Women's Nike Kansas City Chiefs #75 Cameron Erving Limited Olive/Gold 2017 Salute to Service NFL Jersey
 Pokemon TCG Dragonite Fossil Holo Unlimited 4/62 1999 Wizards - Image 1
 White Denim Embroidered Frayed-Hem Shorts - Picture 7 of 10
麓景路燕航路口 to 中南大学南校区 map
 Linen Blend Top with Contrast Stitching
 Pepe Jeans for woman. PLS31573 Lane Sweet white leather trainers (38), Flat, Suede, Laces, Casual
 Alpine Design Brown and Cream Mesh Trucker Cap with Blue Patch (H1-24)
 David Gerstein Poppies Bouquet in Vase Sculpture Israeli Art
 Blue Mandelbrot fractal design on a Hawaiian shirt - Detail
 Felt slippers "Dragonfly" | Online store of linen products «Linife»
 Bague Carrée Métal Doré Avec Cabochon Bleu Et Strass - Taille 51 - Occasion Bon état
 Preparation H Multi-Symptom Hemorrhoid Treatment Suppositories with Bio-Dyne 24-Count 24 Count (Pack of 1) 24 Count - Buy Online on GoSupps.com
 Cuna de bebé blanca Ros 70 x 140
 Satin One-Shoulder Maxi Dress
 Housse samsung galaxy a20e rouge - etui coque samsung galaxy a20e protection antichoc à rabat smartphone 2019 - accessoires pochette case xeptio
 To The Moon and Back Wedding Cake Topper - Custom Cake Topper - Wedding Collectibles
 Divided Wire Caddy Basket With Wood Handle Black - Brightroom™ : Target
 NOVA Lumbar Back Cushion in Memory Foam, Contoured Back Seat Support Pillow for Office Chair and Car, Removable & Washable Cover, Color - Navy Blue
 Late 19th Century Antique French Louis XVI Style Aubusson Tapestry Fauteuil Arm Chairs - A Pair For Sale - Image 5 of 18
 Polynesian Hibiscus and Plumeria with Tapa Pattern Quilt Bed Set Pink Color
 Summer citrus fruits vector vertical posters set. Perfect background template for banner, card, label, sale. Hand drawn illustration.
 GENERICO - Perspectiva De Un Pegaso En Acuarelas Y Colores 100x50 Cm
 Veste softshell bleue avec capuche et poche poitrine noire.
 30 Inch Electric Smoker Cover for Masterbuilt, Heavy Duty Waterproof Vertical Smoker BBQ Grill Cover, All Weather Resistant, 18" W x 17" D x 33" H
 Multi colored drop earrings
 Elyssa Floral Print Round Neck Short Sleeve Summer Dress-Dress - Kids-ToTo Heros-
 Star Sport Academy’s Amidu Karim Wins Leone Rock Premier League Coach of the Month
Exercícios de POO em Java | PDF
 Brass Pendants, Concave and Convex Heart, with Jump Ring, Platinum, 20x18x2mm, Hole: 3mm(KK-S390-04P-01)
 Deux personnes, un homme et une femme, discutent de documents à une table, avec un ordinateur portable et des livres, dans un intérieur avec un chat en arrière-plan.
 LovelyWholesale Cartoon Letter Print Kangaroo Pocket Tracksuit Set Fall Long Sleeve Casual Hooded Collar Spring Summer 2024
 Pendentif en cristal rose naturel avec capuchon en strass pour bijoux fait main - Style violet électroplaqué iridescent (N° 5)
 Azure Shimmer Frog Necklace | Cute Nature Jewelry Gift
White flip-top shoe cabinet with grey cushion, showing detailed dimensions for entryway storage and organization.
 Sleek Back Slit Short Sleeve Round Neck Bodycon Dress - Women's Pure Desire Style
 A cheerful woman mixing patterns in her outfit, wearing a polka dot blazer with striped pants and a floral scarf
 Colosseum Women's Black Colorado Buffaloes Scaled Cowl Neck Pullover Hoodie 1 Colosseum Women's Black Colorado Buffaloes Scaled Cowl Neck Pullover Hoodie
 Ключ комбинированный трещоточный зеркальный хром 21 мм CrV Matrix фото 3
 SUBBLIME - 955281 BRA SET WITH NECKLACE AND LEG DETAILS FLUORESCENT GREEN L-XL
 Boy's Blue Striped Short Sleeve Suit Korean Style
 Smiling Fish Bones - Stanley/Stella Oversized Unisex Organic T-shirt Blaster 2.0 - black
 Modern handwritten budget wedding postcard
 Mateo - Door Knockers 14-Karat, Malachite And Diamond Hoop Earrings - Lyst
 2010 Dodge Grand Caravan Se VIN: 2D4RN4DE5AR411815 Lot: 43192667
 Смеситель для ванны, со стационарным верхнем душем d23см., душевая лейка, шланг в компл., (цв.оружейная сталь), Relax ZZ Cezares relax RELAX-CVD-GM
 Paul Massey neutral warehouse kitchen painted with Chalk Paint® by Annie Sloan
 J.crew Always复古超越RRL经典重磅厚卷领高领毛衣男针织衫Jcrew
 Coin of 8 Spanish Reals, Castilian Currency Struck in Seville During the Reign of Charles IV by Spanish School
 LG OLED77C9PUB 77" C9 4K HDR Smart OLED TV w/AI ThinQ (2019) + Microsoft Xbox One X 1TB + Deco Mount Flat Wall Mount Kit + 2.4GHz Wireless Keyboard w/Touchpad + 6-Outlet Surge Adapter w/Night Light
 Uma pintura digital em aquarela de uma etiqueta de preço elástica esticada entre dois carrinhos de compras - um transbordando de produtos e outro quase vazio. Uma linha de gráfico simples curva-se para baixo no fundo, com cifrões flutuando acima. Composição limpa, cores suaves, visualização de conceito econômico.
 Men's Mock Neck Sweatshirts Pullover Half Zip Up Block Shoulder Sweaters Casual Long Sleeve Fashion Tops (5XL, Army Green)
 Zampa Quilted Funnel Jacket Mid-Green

» Instructions to follow
Exactly as given, set down all of the lines above.

» Solved problem
Women's Nike Kansas City Chiefs #75 Cameron Erving Limited Olive/Gold 2017 Salute to Service NFL Jersey
 Pokemon TCG Dragonite Fossil Holo Unlimited 4/62 1999 Wizards - Image 1
 White Denim Embroidered Frayed-Hem Shorts - Picture 7 of 10
麓景路燕航路口 to 中南大学南校区 map
 Linen Blend Top with Contrast Stitching
 Pepe Jeans for woman. PLS31573 Lane Sweet white leather trainers (38), Flat, Suede, Laces, Casual
 Alpine Design Brown and Cream Mesh Trucker Cap with Blue Patch (H1-24)
 David Gerstein Poppies Bouquet in Vase Sculpture Israeli Art
 Blue Mandelbrot fractal design on a Hawaiian shirt - Detail
 Felt slippers "Dragonfly" | Online store of linen products «Linife»
 Bague Carrée Métal Doré Avec Cabochon Bleu Et Strass - Taille 51 - Occasion Bon état
 Preparation H Multi-Symptom Hemorrhoid Treatment Suppositories with Bio-Dyne 24-Count 24 Count (Pack of 1) 24 Count - Buy Online on GoSupps.com
 Cuna de bebé blanca Ros 70 x 140
 Satin One-Shoulder Maxi Dress
 Housse samsung galaxy a20e rouge - etui coque samsung galaxy a20e protection antichoc à rabat smartphone 2019 - accessoires pochette case xeptio
 To The Moon and Back Wedding Cake Topper - Custom Cake Topper - Wedding Collectibles
 Divided Wire Caddy Basket With Wood Handle Black - Brightroom™ : Target
 NOVA Lumbar Back Cushion in Memory Foam, Contoured Back Seat Support Pillow for Office Chair and Car, Removable & Washable Cover, Color - Navy Blue
 Late 19th Century Antique French Louis XVI Style Aubusson Tapestry Fauteuil Arm Chairs - A Pair For Sale - Image 5 of 18
 Polynesian Hibiscus and Plumeria with Tapa Pattern Quilt Bed Set Pink Color
 Summer citrus fruits vector vertical posters set. Perfect background template for banner, card, label, sale. Hand drawn illustration.
 GENERICO - Perspectiva De Un Pegaso En Acuarelas Y Colores 100x50 Cm
 Veste softshell bleue avec capuche et poche poitrine noire.
 30 Inch Electric Smoker Cover for Masterbuilt, Heavy Duty Waterproof Vertical Smoker BBQ Grill Cover, All Weather Resistant, 18" W x 17" D x 33" H
 Multi colored drop earrings
 Elyssa Floral Print Round Neck Short Sleeve Summer Dress-Dress - Kids-ToTo Heros-
 Star Sport Academy’s Amidu Karim Wins Leone Rock Premier League Coach of the Month
Exercícios de POO em Java | PDF
 Brass Pendants, Concave and Convex Heart, with Jump Ring, Platinum, 20x18x2mm, Hole: 3mm(KK-S390-04P-01)
 Deux personnes, un homme et une femme, discutent de documents à une table, avec un ordinateur portable et des livres, dans un intérieur avec un chat en arrière-plan.
 LovelyWholesale Cartoon Letter Print Kangaroo Pocket Tracksuit Set Fall Long Sleeve Casual Hooded Collar Spring Summer 2024
 Pendentif en cristal rose naturel avec capuchon en strass pour bijoux fait main - Style violet électroplaqué iridescent (N° 5)
 Azure Shimmer Frog Necklace | Cute Nature Jewelry Gift
White flip-top shoe cabinet with grey cushion, showing detailed dimensions for entryway storage and organization.
 Sleek Back Slit Short Sleeve Round Neck Bodycon Dress - Women's Pure Desire Style
 A cheerful woman mixing patterns in her outfit, wearing a polka dot blazer with striped pants and a floral scarf
 Colosseum Women's Black Colorado Buffaloes Scaled Cowl Neck Pullover Hoodie 1 Colosseum Women's Black Colorado Buffaloes Scaled Cowl Neck Pullover Hoodie
 Ключ комбинированный трещоточный зеркальный хром 21 мм CrV Matrix фото 3
 SUBBLIME - 955281 BRA SET WITH NECKLACE AND LEG DETAILS FLUORESCENT GREEN L-XL
 Boy's Blue Striped Short Sleeve Suit Korean Style
 Smiling Fish Bones - Stanley/Stella Oversized Unisex Organic T-shirt Blaster 2.0 - black
 Modern handwritten budget wedding postcard
 Mateo - Door Knockers 14-Karat, Malachite And Diamond Hoop Earrings - Lyst
 2010 Dodge Grand Caravan Se VIN: 2D4RN4DE5AR411815 Lot: 43192667
 Смеситель для ванны, со стационарным верхнем душем d23см., душевая лейка, шланг в компл., (цв.оружейная сталь), Relax ZZ Cezares relax RELAX-CVD-GM
 Paul Massey neutral warehouse kitchen painted with Chalk Paint® by Annie Sloan
 J.crew Always复古超越RRL经典重磅厚卷领高领毛衣男针织衫Jcrew
 Coin of 8 Spanish Reals, Castilian Currency Struck in Seville During the Reign of Charles IV by Spanish School
 LG OLED77C9PUB 77" C9 4K HDR Smart OLED TV w/AI ThinQ (2019) + Microsoft Xbox One X 1TB + Deco Mount Flat Wall Mount Kit + 2.4GHz Wireless Keyboard w/Touchpad + 6-Outlet Surge Adapter w/Night Light
 Uma pintura digital em aquarela de uma etiqueta de preço elástica esticada entre dois carrinhos de compras - um transbordando de produtos e outro quase vazio. Uma linha de gráfico simples curva-se para baixo no fundo, com cifrões flutuando acima. Composição limpa, cores suaves, visualização de conceito econômico.
 Men's Mock Neck Sweatshirts Pullover Half Zip Up Block Shoulder Sweaters Casual Long Sleeve Fashion Tops (5XL, Army Green)
 Zampa Quilted Funnel Jacket Mid-Green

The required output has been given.